**Data shown:**

........

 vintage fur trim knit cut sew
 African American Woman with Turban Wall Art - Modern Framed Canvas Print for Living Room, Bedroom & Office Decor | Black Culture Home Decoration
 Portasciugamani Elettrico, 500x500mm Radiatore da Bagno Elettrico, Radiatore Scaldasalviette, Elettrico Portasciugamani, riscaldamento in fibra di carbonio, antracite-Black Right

........

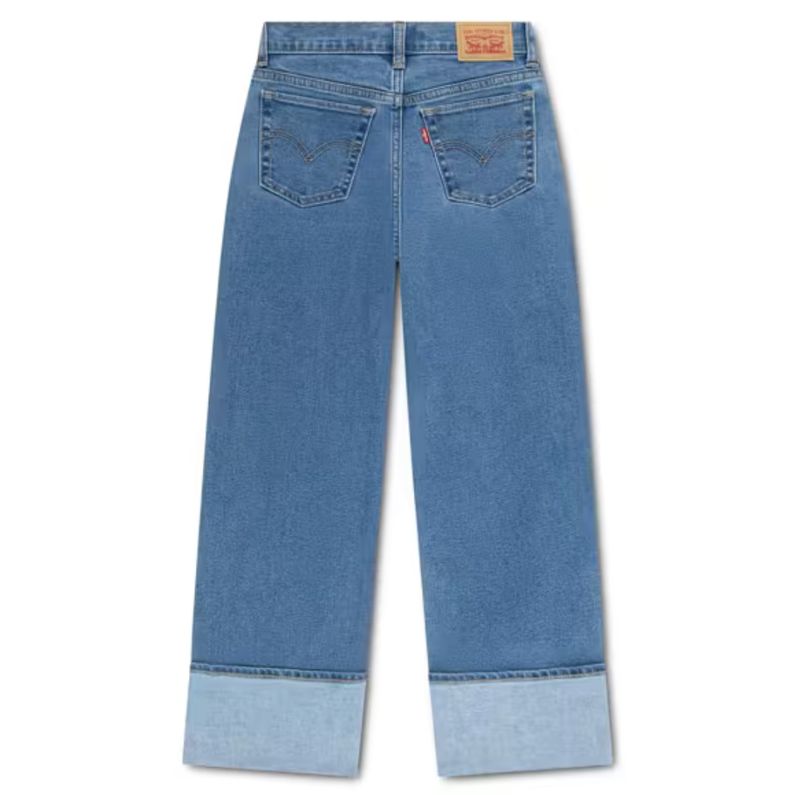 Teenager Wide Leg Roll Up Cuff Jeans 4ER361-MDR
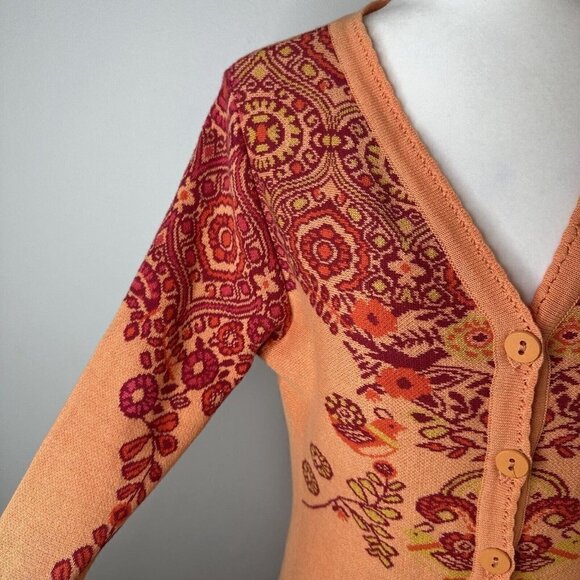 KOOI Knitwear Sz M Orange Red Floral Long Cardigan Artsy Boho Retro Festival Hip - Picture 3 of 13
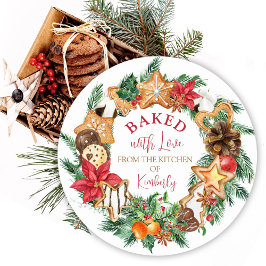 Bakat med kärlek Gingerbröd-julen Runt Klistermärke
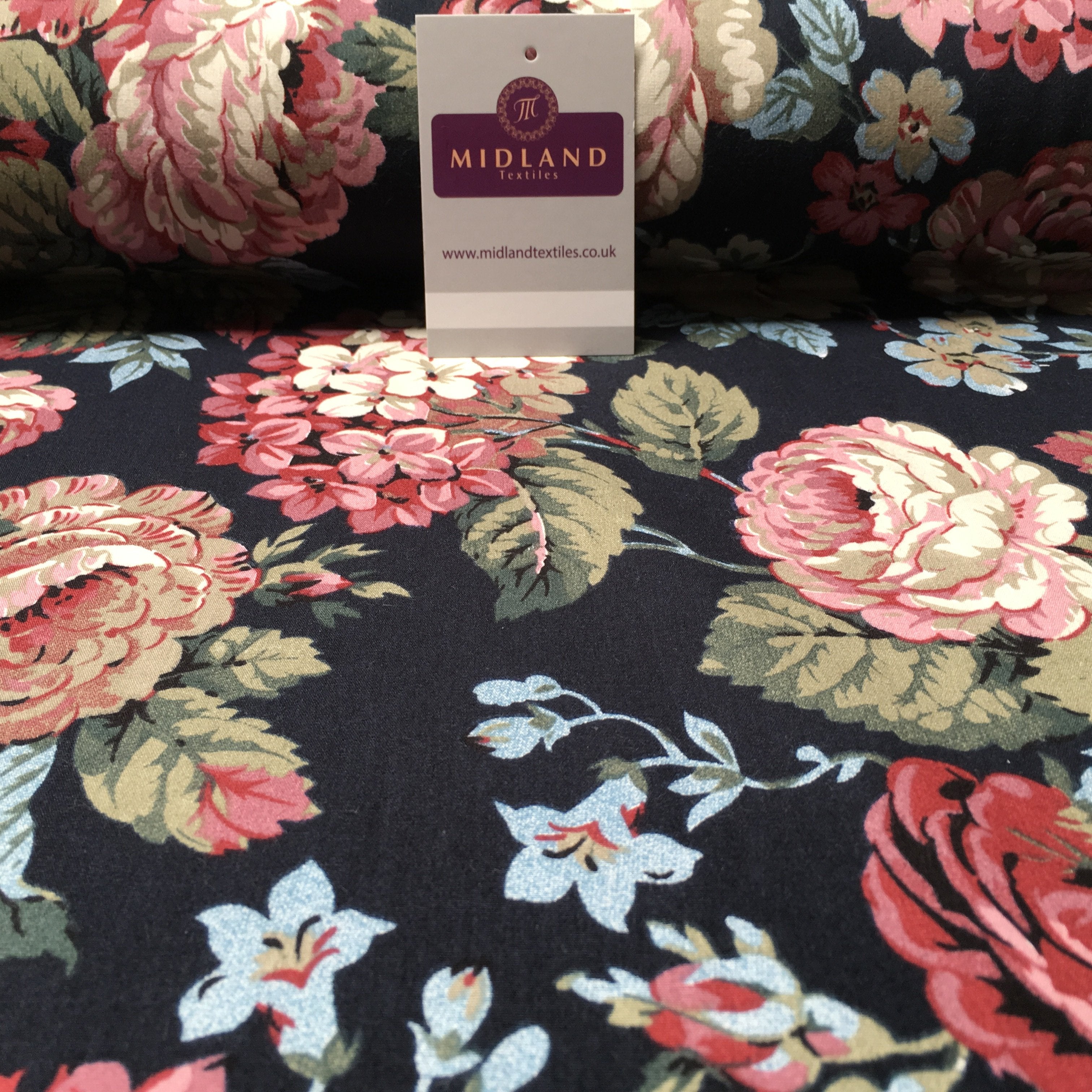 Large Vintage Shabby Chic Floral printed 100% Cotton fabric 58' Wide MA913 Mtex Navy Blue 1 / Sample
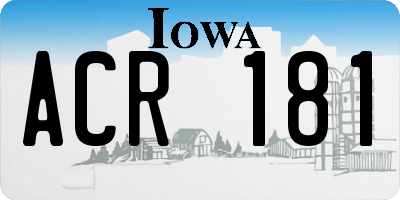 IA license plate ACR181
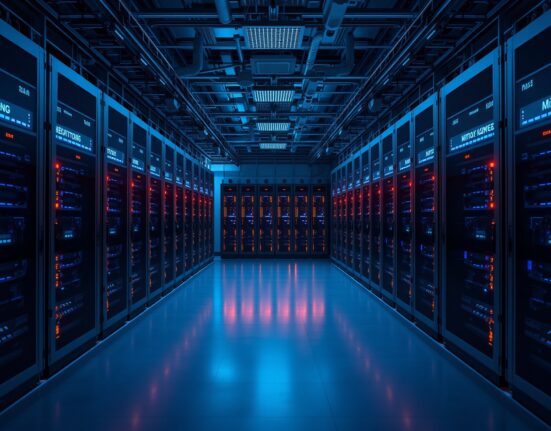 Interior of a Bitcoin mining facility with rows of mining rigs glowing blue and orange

........

**Goal of the exercise:** Your answer must consist solely of the lines above between the line holding "vintage fur trim knit cut sew" and the line holding "Portasciugamani Elettrico, 500x500mm", inclusive, copied exactly.

**Exercise result:**
 vintage fur trim knit cut sew
 African American Woman with Turban Wall Art - Modern Framed Canvas Print for Living Room, Bedroom & Office Decor | Black Culture Home Decoration
 Portasciugamani Elettrico, 500x500mm Radiatore da Bagno Elettrico, Radiatore Scaldasalviette, Elettrico Portasciugamani, riscaldamento in fibra di carbonio, antracite-Black Right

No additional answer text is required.